Op het 3 km lange pad kunt u op ontdekkingsreis gaan naar het Neolithicum.
Het graf Grumfeld West (9h), gelegen bij de parkeerplaats van de golfclub en daarmee bij het startpunt van de rondwandeling, kan worden beschouwd als het meest indrukwekkende van de megalithische graven langs de Giersfelder Steengrafenweg. De omheining van 32,5 x 3,8 m omsluit twee grafkamers, waarvan de westelijke bijna volledig bewaard is gebleven. Grafgiften werden gevonden in 1982.

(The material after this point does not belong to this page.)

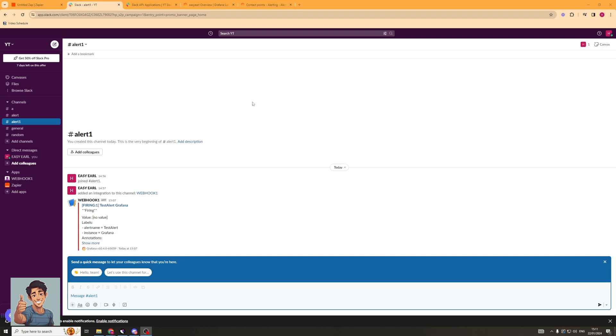So the first thing we need to do is go ahead and log into our Slack like I've done here. And I'm going to go down to the bottom here and I'm going to click Add Apps.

Als u nu de rondweg in noordelijke richting volgt, ontdekt u het graf Rickelmann I (9i), dat nog vier van de in totaal acht sluitstenen heeft. De grafkamer is van gemiddelde grootte (12 x 2,4 m). Een rand is niet zichtbaar.
Rickelmann II (9a) had een 14 m lange kamer, waarvan een groot deel van de steunstenen en de dekstenen nog aanwezig zijn, zij het gedeeltelijk verplaatst. De omheining is slechts rudimentair herkenbaar.

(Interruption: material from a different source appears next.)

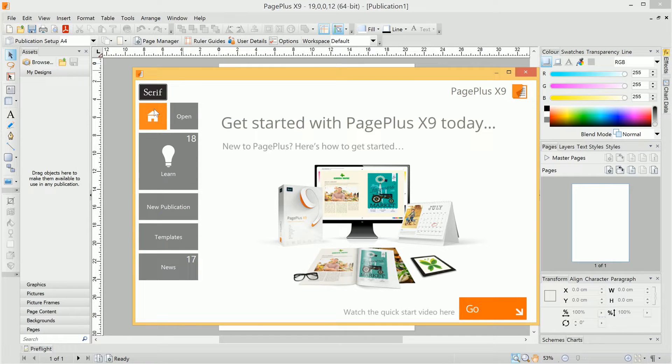Welcome to PagePlus. In this video, we're going to take a look at PagePlus's interface and see where key features are located.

Het graf Reincke (9b), romantisch gelegen in het dennenbos, zal in vroeger tijden een vergelijkbare omvang hebben gehad, maar op één na zijn alle sluitstenen verloren gegaan.
Van het graf van Meyer (9c) wordt gezegd dat het ooit een van de grootste en mooiste in de streek was. Slechts bescheiden overblijfselen van deze pracht zijn overgebleven. In 1864 waren negen van de oorspronkelijke misschien 16 dekstenen van de 25 m of langer grote kamer nog op hun plaats. Op het terrein is nog een 30 m hoge heuvel te zien waarin de tombe was ingebed.
Tijdens de planning van de rondwandeling in de jaren 1970 werden ook afzonderlijk liggende grafheuvels in de route opgenomen. De grafheuvel (9d) is 21 m in diameter en 2,10 m hoog. De geïsoleerde ligging doet vermoeden dat hij behoort tot de oudere terptypes uit het late neolithicum (vanaf 2800 v. Chr.) of de vroege tot vroegere bronstijd (2000 tot 1200 v. Chr.).
Het graf Grumfeld Ost (9e) maakt een zwaar verwoeste indruk. Veel stenen zijn verminkt door het stralen. De kamer kan 19 m lang zijn geweest.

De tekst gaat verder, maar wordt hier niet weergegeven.